The 10 year treasury gyrated around before closing the week at 3.38%. Trading was in the 3.30% to 3.64% range, but because of a continuing rush to safety we see low rates. Seems to me we may have the low yield in place as yields are likely to start moving higher as the slow confidence building in the banking system continues—of course whether the confidence continues to build is dependent on whether we see more banks fail–we’ll see.
This week we have plenty of economic news to drive markets around–the big one is the PCE (personal consumption expenditures) on Friday since this is one of Jay Powell’s favorites (or so it is said) for indications of inflation.
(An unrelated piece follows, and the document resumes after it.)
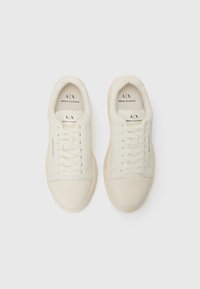Witte canvas sneakers met een gladde textuur, ronde neus en vetersluiting. Heeft subtiele merknaam op de zijkant en een lichtbeige zool.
As I mentioned last week the Fed balance sheet grew by $94 billion last week – so in 2 weeks we have grown the assets by just shy of $400 billion. This makes for an interesting chart–showing the peak balance sheet and the spike from levels reached as the FED implemented quantitative tightening.
Last week the average $25/share preferred stock and baby bond fell by 19 cents. Interestingly investment grade issue caught a bid and rose by 17 cents. Banking issues fell by 17 cents, mREITs fell by 9 cents, shippers fell by 18 cents, but CEF preferreds rose a dime.
Last week we had no new income issues price.